Quando sonhei de verdade, aquele sonho que você acalenta, cuida e aos poucos vai transformando em realidade? Nunca, simples e sincera é a resposta. Nem na mais tenra infância fui capaz de sonhar o sonho da juventude, consciente demais de quem era, do meu papel na sociedade, não na sociedade, não se iluda, mas ao redor dela, servindo-a. E quem somos nós sem sonhos? Mas ainda sim me pergunto o porquê de jamais ter-me atrevido a sonhar, quando todos os outros sonham, e todos os outros pertencem à mesma classe que eu, pois a outra resume-se a deus; talvez estenda-se ao restante da trindade e aos santos mais chegados. Mas a pergunta persiste: Porque nunca fui capaz de sonhar? Quem foi que escreveu em mim tão prematura e irreversivelmente a consciência? Meus pais? Certamente eles tem que haver desempenhado nisso o seu papel, mas apenas eles? Quanto devo nessa venda? Se a dor de se saber quem é, até onde se pode chegar, mas não saber onde se pode ir, servir como amortecimento, deixo já algumas prestações adiantadas para os erros dos meus próximos trinta anos.
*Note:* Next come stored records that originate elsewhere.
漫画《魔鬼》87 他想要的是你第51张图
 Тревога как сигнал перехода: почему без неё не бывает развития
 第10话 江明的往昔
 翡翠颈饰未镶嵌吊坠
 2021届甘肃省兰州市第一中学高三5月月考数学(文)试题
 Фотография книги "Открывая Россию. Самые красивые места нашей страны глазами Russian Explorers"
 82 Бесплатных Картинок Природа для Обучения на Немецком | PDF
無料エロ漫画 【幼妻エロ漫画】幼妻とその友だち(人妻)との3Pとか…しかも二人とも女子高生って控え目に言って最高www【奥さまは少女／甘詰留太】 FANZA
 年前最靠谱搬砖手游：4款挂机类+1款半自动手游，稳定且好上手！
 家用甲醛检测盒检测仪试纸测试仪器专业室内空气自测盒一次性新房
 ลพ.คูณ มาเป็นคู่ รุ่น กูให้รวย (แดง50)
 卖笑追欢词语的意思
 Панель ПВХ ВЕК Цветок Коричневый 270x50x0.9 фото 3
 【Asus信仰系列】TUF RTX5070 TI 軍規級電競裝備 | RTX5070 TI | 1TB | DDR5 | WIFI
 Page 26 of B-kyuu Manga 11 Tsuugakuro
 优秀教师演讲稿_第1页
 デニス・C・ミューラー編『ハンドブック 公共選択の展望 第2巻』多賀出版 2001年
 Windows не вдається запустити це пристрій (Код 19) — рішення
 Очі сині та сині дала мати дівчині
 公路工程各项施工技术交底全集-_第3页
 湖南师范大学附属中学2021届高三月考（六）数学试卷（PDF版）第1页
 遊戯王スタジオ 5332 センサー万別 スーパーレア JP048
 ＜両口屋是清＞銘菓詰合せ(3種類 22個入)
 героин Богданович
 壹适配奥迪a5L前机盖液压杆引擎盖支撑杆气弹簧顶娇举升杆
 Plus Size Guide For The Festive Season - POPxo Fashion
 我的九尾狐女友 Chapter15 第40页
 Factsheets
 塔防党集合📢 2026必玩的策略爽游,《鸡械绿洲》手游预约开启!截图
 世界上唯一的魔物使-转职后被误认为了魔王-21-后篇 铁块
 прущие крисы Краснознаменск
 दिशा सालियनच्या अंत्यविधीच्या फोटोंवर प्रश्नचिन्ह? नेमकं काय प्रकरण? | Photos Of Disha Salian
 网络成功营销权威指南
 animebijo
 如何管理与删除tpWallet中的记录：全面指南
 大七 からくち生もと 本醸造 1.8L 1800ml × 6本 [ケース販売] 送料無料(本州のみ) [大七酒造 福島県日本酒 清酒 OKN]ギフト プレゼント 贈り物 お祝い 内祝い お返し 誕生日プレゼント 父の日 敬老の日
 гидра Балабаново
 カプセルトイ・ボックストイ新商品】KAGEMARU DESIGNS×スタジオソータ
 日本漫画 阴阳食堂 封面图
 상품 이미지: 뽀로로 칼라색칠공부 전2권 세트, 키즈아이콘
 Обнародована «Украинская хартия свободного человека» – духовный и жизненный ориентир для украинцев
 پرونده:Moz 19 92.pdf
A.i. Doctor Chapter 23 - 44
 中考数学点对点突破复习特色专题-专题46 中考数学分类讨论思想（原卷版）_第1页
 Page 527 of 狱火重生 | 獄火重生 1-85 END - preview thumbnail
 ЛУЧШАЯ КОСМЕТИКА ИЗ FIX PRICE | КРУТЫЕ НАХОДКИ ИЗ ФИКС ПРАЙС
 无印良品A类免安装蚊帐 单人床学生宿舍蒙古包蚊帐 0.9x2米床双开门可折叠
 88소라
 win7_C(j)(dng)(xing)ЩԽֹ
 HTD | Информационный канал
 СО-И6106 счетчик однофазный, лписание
Trinta anos. Trinta anos. A crise dos trinta anos. Dói; é sabido, passageira, mas porque machuca tanto? Porque acorda todos os monstros que a incompetência da juventude nos fez esconder ao invés de matar? Porque todos de uma vez? E o que fazem enfim os analistas, neurologistas, psiquiatras e afins que não encontram,se não possível a cura, ao menos uma explicacão clara e plausível para toda essa angústia, a todo esse medo, insatisfação e derrotismo inexplicáveis? Bosta de cientistas que nada melhor que aspirina desenvolveram e desde meus 27 anos elas já não exterminam minha dor de cabeça. Se a cocaína mata os neurônios talvez mate também a consciência...

Mas eu estou já muito velha pra experimentar drogas. Essa minha fase está perdida pra sempre. Se não provei na idade da inconsequência, como o poderia fazer agora, na da consciência? E todo esse bla, bla, bla em torno de Balzac... Ah, mas como eu bem receberia o amortecimento do ópio... Dê-me um tapa na cara. Deixe-me irada. Deixe-me sozinha. A responsabilidade me impossibilita o alívio eterno da morte.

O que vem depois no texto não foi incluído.